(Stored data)

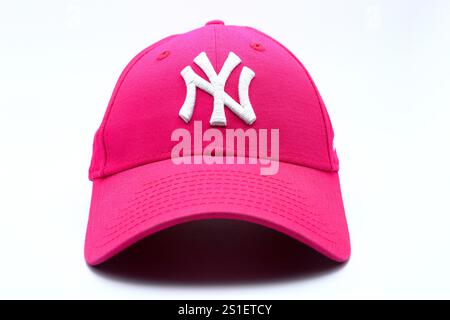 Rosafarbene NY-Kappe. New York Yankees. Baseballteam. Weißer Hintergrund. Stockfoto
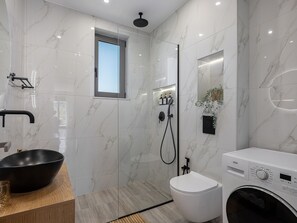 Shower, hair dryer, towels, soap - Sol Luxury Apartment: 3BD With a Rooftop Mini-Pool, 150m from the Beach (Gerani)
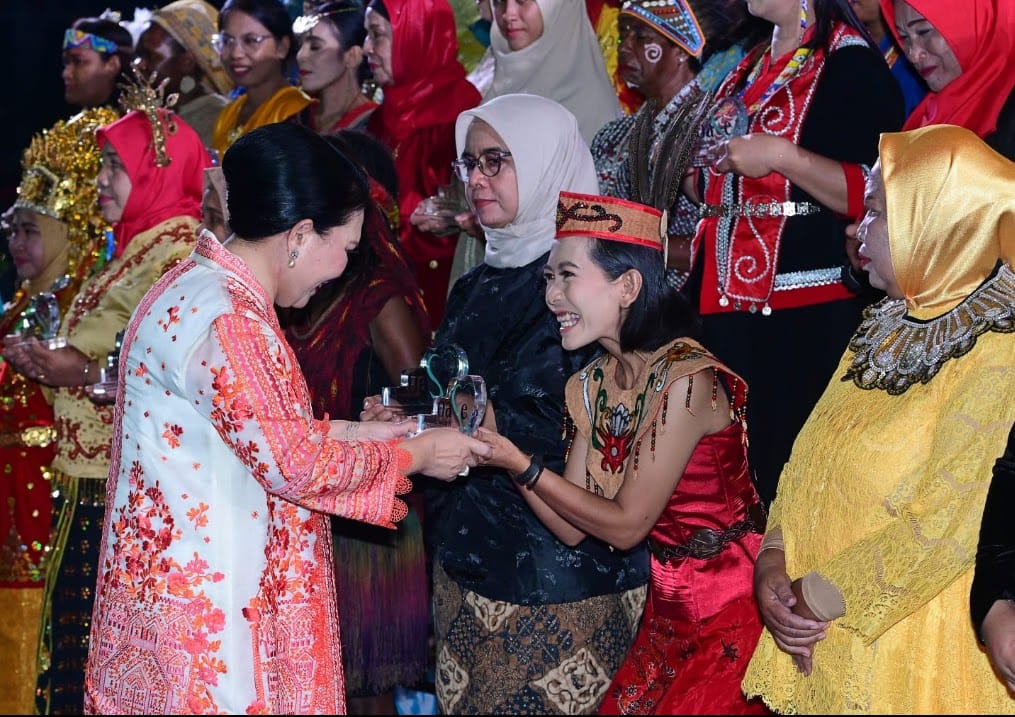 DP3APPKB Hadiri Pemberian Penghargaan Perempuan Berjasa dan Berprestasi Bidang Sosial Budaya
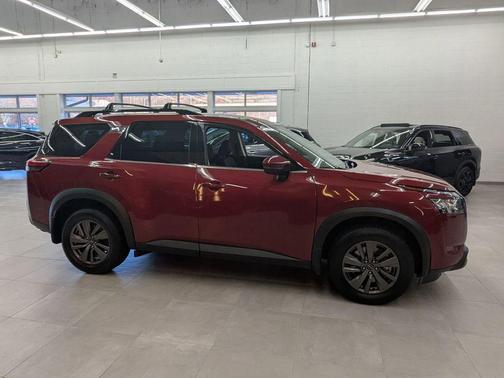 2023 Nissan Pathfinder SV 4WD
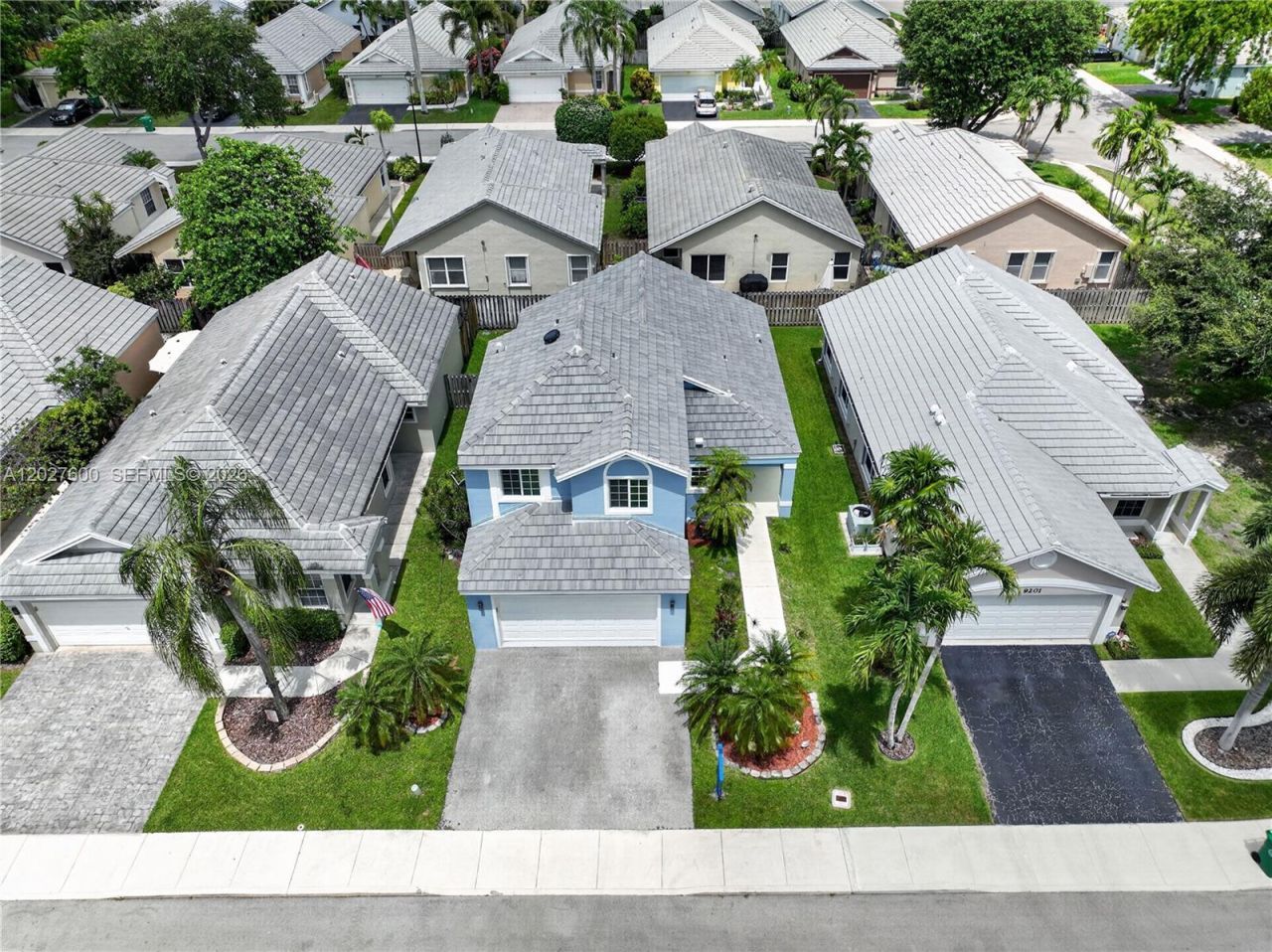 9203 Arborwood Cir, Davie, FL 33328 Photo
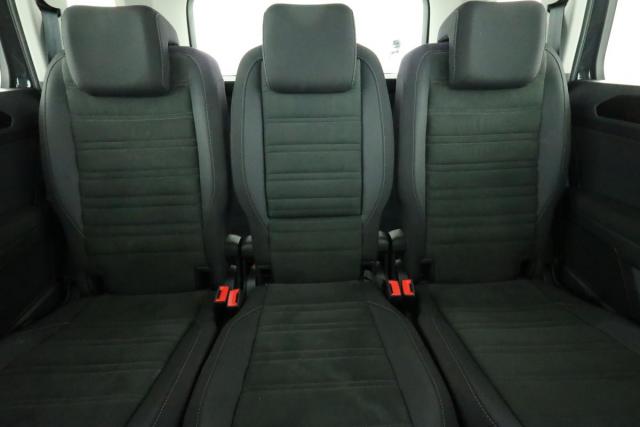 Volkswagen Touran image 1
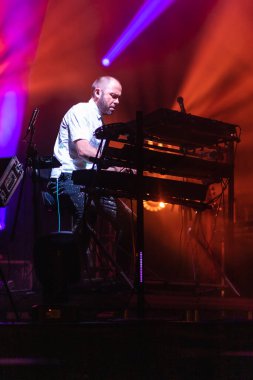 Wroclaw, Polonya - Eylül 2022: Wroclaw 'da düzenlenen Cüce Festivali sırasında Kamil Bednarek' in serbest ve açık konseri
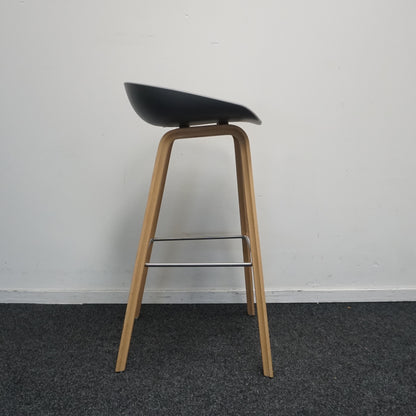 HAY About a Stool AAS32 Design Barkruk | Grijs / Eiken | Zithoogte 75 cm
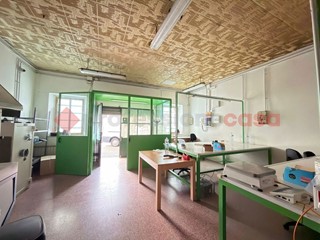 Laboratorio in Affitto a Capolona, 500&euro;, 66 m²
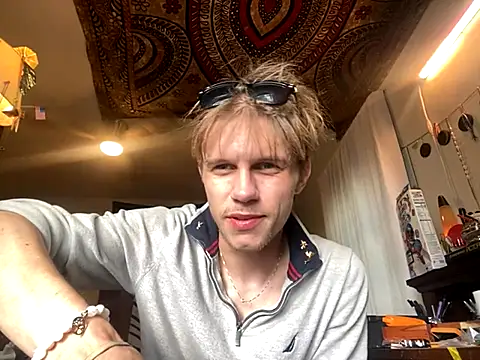 XanderOzzz online show from October 21, 9:03 pm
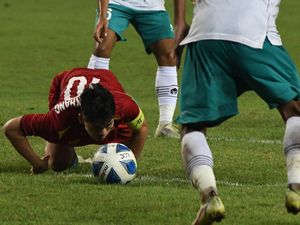 Piala AFF U-19: Ini Sebab Pemain Vietnam Bertumbangan Lawan Indonesia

TASK DIRECTIONS » Line by line, write out the entries exactly, and leave the pictures out.

RESPONSE BELOW »
 Rosafarbene NY-Kappe. New York Yankees. Baseballteam. Weißer Hintergrund. Stockfoto
 Shower, hair dryer, towels, soap - Sol Luxury Apartment: 3BD With a Rooftop Mini-Pool, 150m from the Beach (Gerani)
 DP3APPKB Hadiri Pemberian Penghargaan Perempuan Berjasa dan Berprestasi Bidang Sosial Budaya
 2023 Nissan Pathfinder SV 4WD
 9203 Arborwood Cir, Davie, FL 33328 Photo
 Volkswagen Touran image 1
 Wroclaw, Polonya - Eylül 2022: Wroclaw 'da düzenlenen Cüce Festivali sırasında Kamil Bednarek' in serbest ve açık konseri
 HAY About a Stool AAS32 Design Barkruk | Grijs / Eiken | Zithoogte 75 cm
 Laboratorio in Affitto a Capolona, 500&euro;, 66 m²
 XanderOzzz online show from October 21, 9:03 pm
 Piala AFF U-19: Ini Sebab Pemain Vietnam Bertumbangan Lawan Indonesia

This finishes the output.